Szanghajska niespodzianka

Musiałem na kilka miesięcy przeprowadzić się do Szanghaju. Bałem się, że nie będę miał tam jak ogarnąć palenia (wiem, wiem, priorytety). Mieszkałem na małym, strzeżonym osiedlu, położonym trzy minuty drogi od ruchliwej ulicy. Koleś, od którego kupowałem tam palenie mieszkał nieopodal, klatkę czy dwie dalej, jednak interesy załatwialiśmy, mijając się na chodniku. Umawialiśmy się przez WhatsAppa na konkretną godzinę („15:07"), ruszaliśmy z przeciwnych stron ulicy i dokonywaliśmy szybkiej wymiany. Czasem, w ramach prezentu, wciskał mi w rękę (pozbawioną jakiegokolwiek opakowania) kostkę haszu. Mało uśmiechał mi się powrót do domu z lepką, śmierdzącą i zakazaną substancją w ręku, ale nigdy nie narzekałem. Prezentów się nie odmawia. Kiedy złamał sobie nogę, wspaniałomyślnie zaprosił mnie do siebie po odbiór zamówienia. Gdy wpadłem po towar, spostrzegłem biegającego po mieszkaniu wielkiego białego królika. Nie spodziewałem się tego, z pewnością też łatwo go nie zapomnę.

Lukrowany Elmo

Znałam swojego dilera, zanim zaczął handlować, więc (stosunkowo) normalnym było otrzymanie zaproszenia na imprezę z okazji czwartych urodzin jego syna. Było całkiem miło, choć całe przedsięwzięcie odbywało się dość późno jak na kinderbal. Rzecz jasna zostałam najdłużej ze wszystkich gości i po wszystkim okropnie się zespawaliśmy. Jego syn spał w pokoju obok, a my śmialiśmy się do rozpuku puszczając bańki mydlane i wcinając resztki tortu z lukrowanym Elmo na wierzchu. Zabawę posuła nam jego dziewczyna, która wróciła do domu wcześniej niż zwykle, ale wróciłam do domu z kawałkiem tortu z Ulicy Sezamkowej i samarką wypchaną dobrocią.
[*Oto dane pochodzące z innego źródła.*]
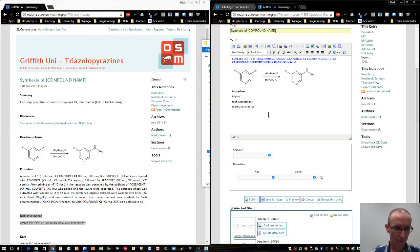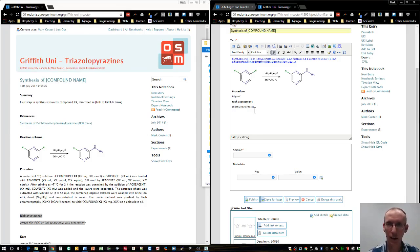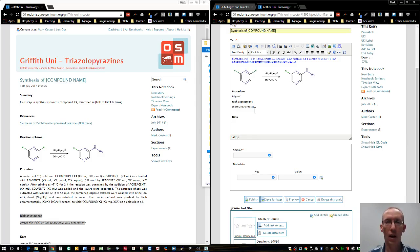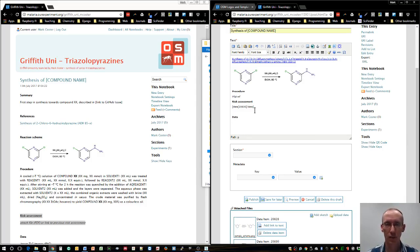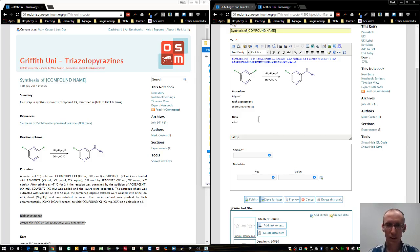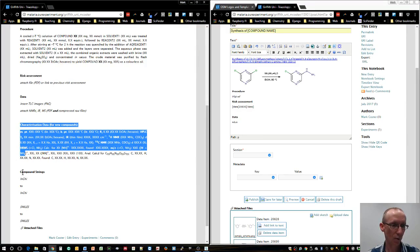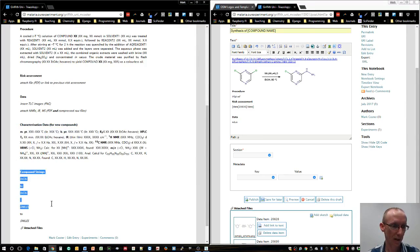After that, we can put in our data. We can have that as further PDF files or zip files for raw data and so on. Then finally, I won't go through characterization data here. I will go through compound strings.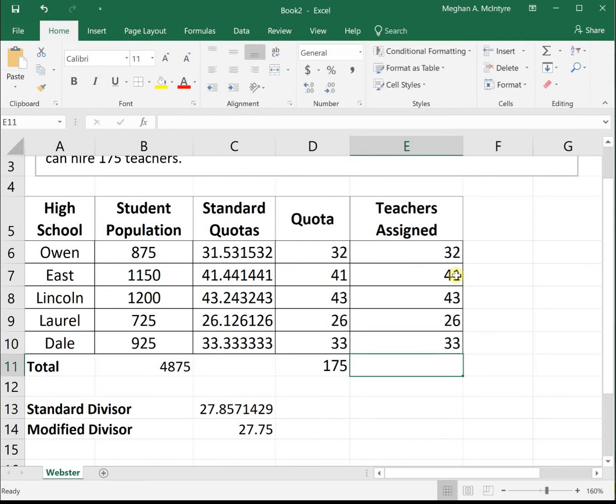These modified divisors are a bit of guess and check, but with Excel it's quick to change different divisors and let the spreadsheet tabulate everything for us until we get the sum we're looking for.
Mary Louise Parker jako Nancy Botwin w „Trawce". Fot. Showtime

Reklama

Koleś, który zawsze odpisywał

Mój pierwszy diler z czasów uniwersyteckich na wszystkie sms-y odpisywał błyskawicznie, było mi więc naprawdę przykro, kiedy skończył studia. Gdy był na ostatnim roku, ja czegoś nie dopilnowałem i wypstrykałem się z całej baki tuż przed rozpoczęciem sesji (a przecież tylko początkujący palacze nie jarają w czasie jej trwania). Absolwenci już srogo imprezowali, ale i tak napisałem do niego koło 23, licząc na łut szczęścia. Po chwili otrzymałem odpowiedź. „Jestem w kasynie, odezwę się później". O 4 nad ranem zawibrował mój telefon. „Nwm czy nie śpisz, ale jbc to podbijaj". Oczywiście, że nie spałem. Popędziłem do jego pokoju (obaj mieszkaliśmy w akademiku). Czterech jego kumpli zgotowało mi owację na stojąco chwilę po przekroczeniu progu. Poklepał mnie po plecach, chwaląc moje oddanie sprawie i nawet dorzucił coś w gratisie. Zdaje mi się, że skończył jako makler giełdowy gdzieś na Wall Street.

Własny gatunek marihuany

Mniej więcej raz na tydzień palimy z ziomkami dżisy i zamawiamy jakieś jedzenie. Nasz ulubiony diler niegdyś był naszym ulubionym dostawcą pizzy. Widać było smutek w jego oczach, gdy wychodził z naszej jamy spizgu, by dalej przemierzać świat pełen trzeźwych ludzi łaknących pustych kalorii. Któregoś razu do jednego z opakowań od pizzy przykleił profesjonalnie wyglądającą wizytówkę, promującą jego nową działalność – sprzedaż samodzielnie wyhodowanego gatunku marihuany. Od tego czasu kupujemy towar tylko od niego. Jest dość częstym gościem w moim domu, zmienił się tylko produkt, który dostarcza. Najlepsze w tym wszystkim jest to, że wciąż jest w posiadaniu termoizolacyjnej torby, w której teraz wozi towar, popakowany do małych plastikowych opakowań, które idealnie się w nim mieszczą. Czasami przyjeżdża też z autentyczną pizzą i pałaszuje ją razem z nami.

Zielone w naturze

Nigdy nie poznałem mojej ulubionej sprzedawczyni. Może właśnie dlatego tak bardzo ją lubiłem. Była siostrą sekretarki, która pracowała w biurze mojej cioci i cierpiała na jakąś przedziwną, tajemniczą chorobę, która była na tyle poważna, że pozwalała jej korzystać medycznej marihuany, jednak nie przeszkadzała jej w regularnych spacerach po parku koło mojego domu, gdzie zostawiała dla mnie specjalne paczuszki. Jedno z drzew miało wyjątkowo dziwaczny układ korzeni, tworzących coś w rodzaju małej jaskini. Tam wymienialiśmy towar, który zostawiała w małych, ręcznie robionych jutowych woreczkach, do których przyklejała nieco mchu tak dla niepoznaki – prawdziwa Perfekcyjna Pani Domu handlu zielskiem. Czasem dorzucała jakieś ciasteczko lub nowy gatunek, akurat testowany przez ambulatorium, w którym się zaopatrywała, mogłem więc dopasowywać rodzaj zamawianego towaru do swoich potrzeb.

Mój facet diler

Mój chłopak stwierdził, że rzuci robotę i zajmie się hodowaniem marihuany. Podchodziłam do tego pomysłu dość sceptycznie, ale lubiłam trawę nawet bardziej niż jego, więc nie oponowałam. Mieszkamy w Kolorado, a 64. poprawka stanowi, że na „odosobnionej, zamkniętej przestrzeni" dozwolonym jest posiadanie do 6 krzaków – jednak zakładałam, że będzie wolał zatrudnić się w jednej z dużych hodowli, gdzie naprawdę mógłby coś zarobić. Myliłam się. Próbował przekształcić wszystkie szafy w swoim domu na „odosobnioną, zamkniętą przestrzeń". Jest idiotą, więc mu nie wyszło. Przestało nam też wychodzić w związku, ponieważ zatrudnił do pomocy (naprawdę niezłą) laskę. To mój ulubiony diler, z którym mam masę świetnych wspomnień.